The G5 Sahel, the European Union, MINUSMA, the United States, and other actors have also invested significant resources in training and equipping Mali’s security forces. Malian armed forces launched operation Dambé in 2017 with 4,000 soldiers, with the objective of countering the militant grip on central Mali. Former Minister of Defense and head of intelligence services Soumeylou Boubèye Maïga was appointed Prime Minister on December 31, 2017. He quickly acknowledged the need to address the situation in the central region. In February 2018, he went to several villages affected by violence near Mopti to show support to the population and announced the implementation of a comprehensive security plan, calling for 4,000 more military troops and enhanced financial and material support for the Malian Armed Forces. In December 2018, the government launched a new disarmament, demobilization, and reintegration plan, targeting diverse armed groups and militias active in central Mali with the objective of creating incentives for young militants to give up armed struggle.

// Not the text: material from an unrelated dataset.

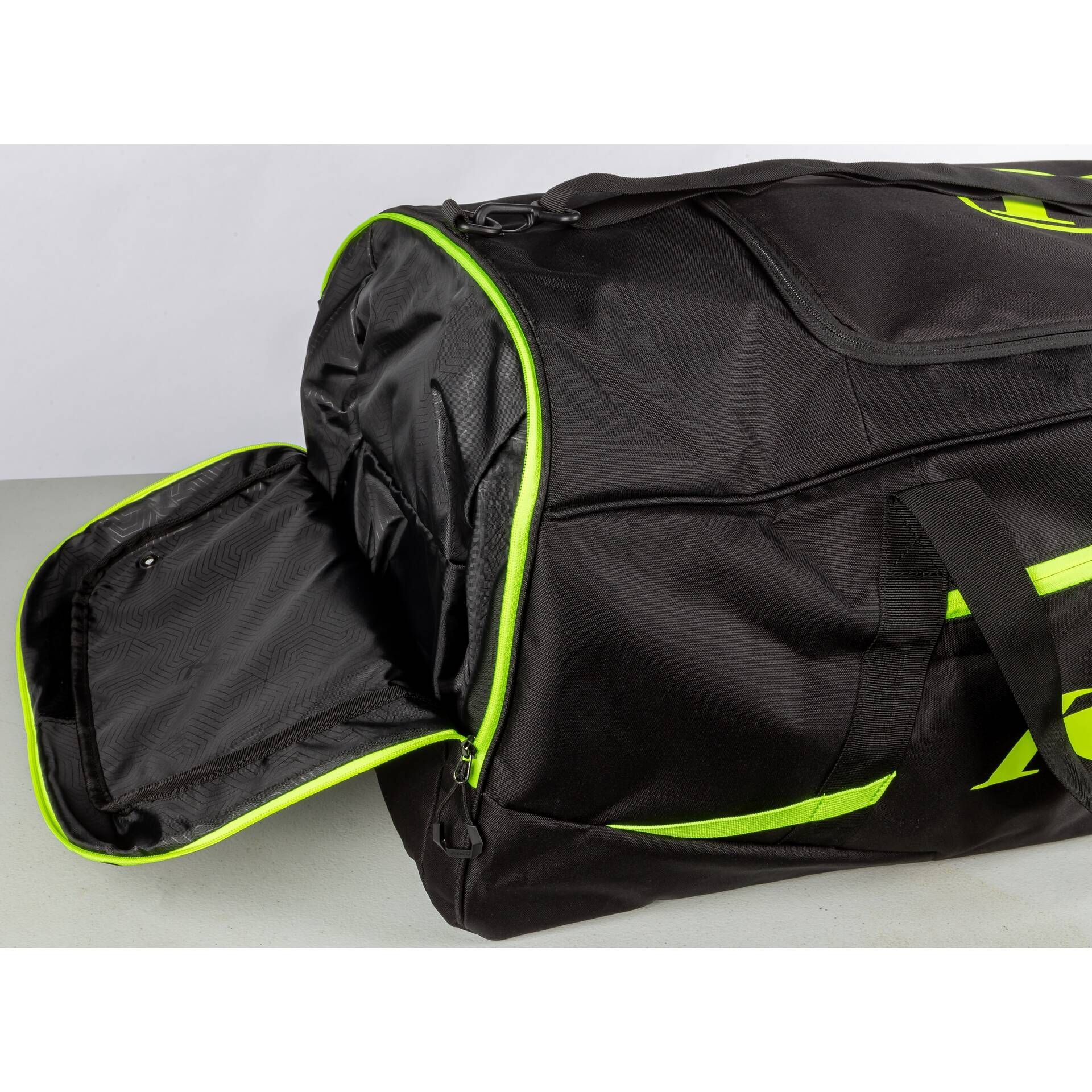 Klim Drift Gear Bag | FortNine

In January 2019, Malian President Ibrahim Boubacar Keïta travelled to central Mali to announce the installation of a new military base to support the region.

Alongside enhanced training and equipment, strengthening oversight of security forces’ engagement with local populations is vital. Reports of arbitrary killings negate any efforts at trust-building. For example, on May 19, 2018, just months after the G5 Sahel Joint Force was officially on track, elements of the Malian Armed Forces reportedly killed at least 12 civilians during an operation believed to be carried out in retaliation for the murder of one of their soldiers in Boulikessi, in the Mopti region. MINUSMA was requested to assist the G5 Sahel Joint Force in investigating the case. This incident underscores the importance of justice as much as enhanced capacity for the security sector. Only by conducting investigations into allegations of abuse and taking corrective action publicly will the government be able to rebuild the trust that has been lost.

Beyond a security presence, reestablishing public services, especially quality educational opportunities for youth, is a priority. Past experience has demonstrated the importance of delivering these services with strong measures of accountability to ensure benefits reach the intended populations. The FLM’s effective communications strategy also highlights the need to counter the group’s narrative in person, on the radio, and on social media. This narrative will need to appeal to Fulani communities in central Mali to assure them that the government is not anti-Fulani, as the FLM would have them believe.

The FLM has become entrenched in central Mali over a period of years. In the process, it has demonstrated that it seeks to hold territory and take on the functions of the state. While the future direction of the FLM is uncertain, dislodging the group from this region will take some time and will require simultaneous strategic engagements on the political, economic, and educational fronts if it is to be effective.